■ **INPUT**:
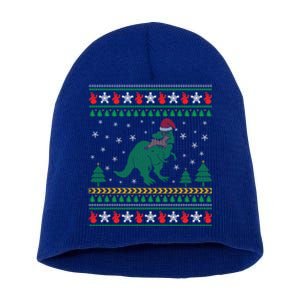 Ugly Xmas T Rex Christmas Dinosaur Eating Reindeer Cute Gift Short Acrylic Beanie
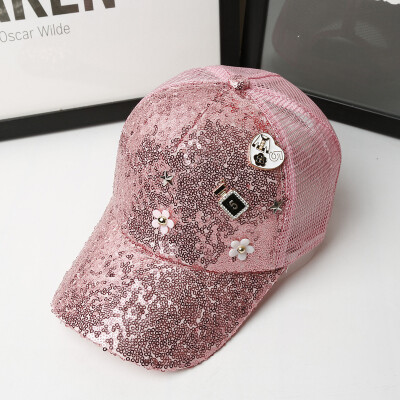 

Handmade Sequins Duckle Flower Ladies Shade Sunscreen Mesh Baseball Hat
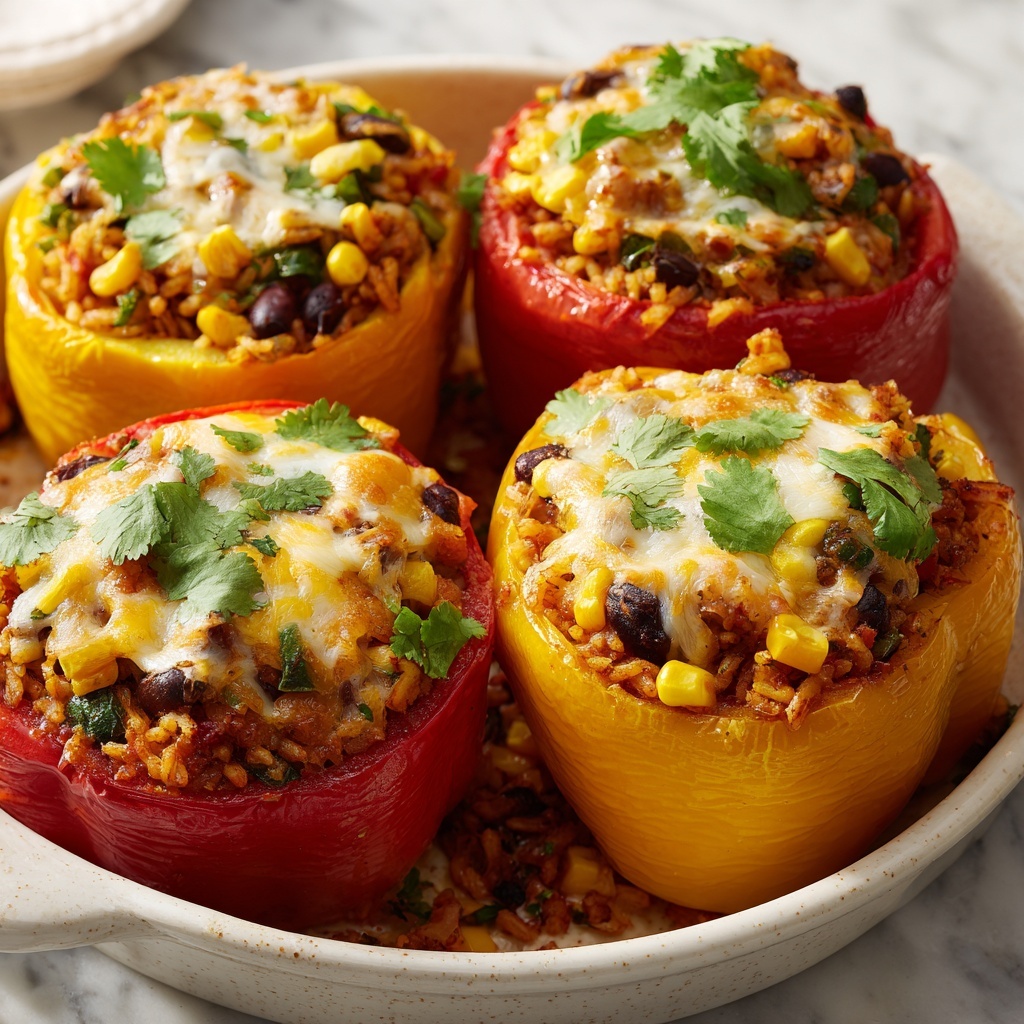 Stuffed Bell Peppers with Melted Cheese Recipe - Recipe Image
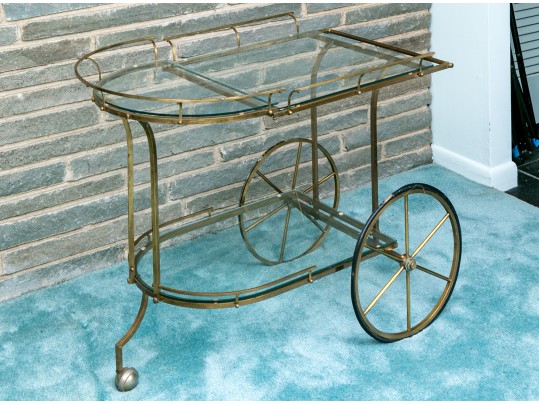 Mid Century Brass And Glass Bar Cart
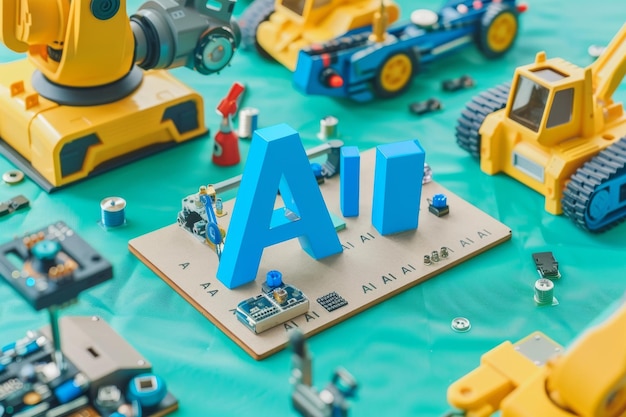 AI Robot Toy on Circuit Board with Blue Technology Elements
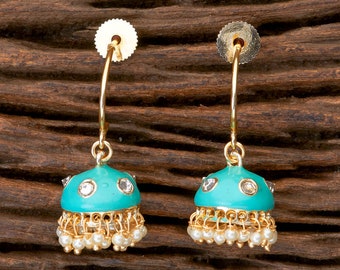 Kundan stud Small Jhumka Earrings Enamel Jhumki earrings Jumki Indian Earrings Casual Wear Kids Earrings Lightweight Earrings
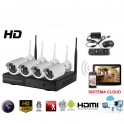 KIT DI VIDEOSORVEGLIANZA CON 4 TELECAMERE NVR LAN WIRELESS FULL HD WIFI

■ **EXERCISE BRIEF**:
When you repeat the listing, keep it exact and leave the pictures behind.

■ **EXERCISE ANSWER**:
 Ugly Xmas T Rex Christmas Dinosaur Eating Reindeer Cute Gift Short Acrylic Beanie

Handmade Sequins Duckle Flower Ladies Shade Sunscreen Mesh Baseball Hat
 Stuffed Bell Peppers with Melted Cheese Recipe - Recipe Image
 Mid Century Brass And Glass Bar Cart
 AI Robot Toy on Circuit Board with Blue Technology Elements
 Kundan stud Small Jhumka Earrings Enamel Jhumki earrings Jumki Indian Earrings Casual Wear Kids Earrings Lightweight Earrings
 KIT DI VIDEOSORVEGLIANZA CON 4 TELECAMERE NVR LAN WIRELESS FULL HD WIFI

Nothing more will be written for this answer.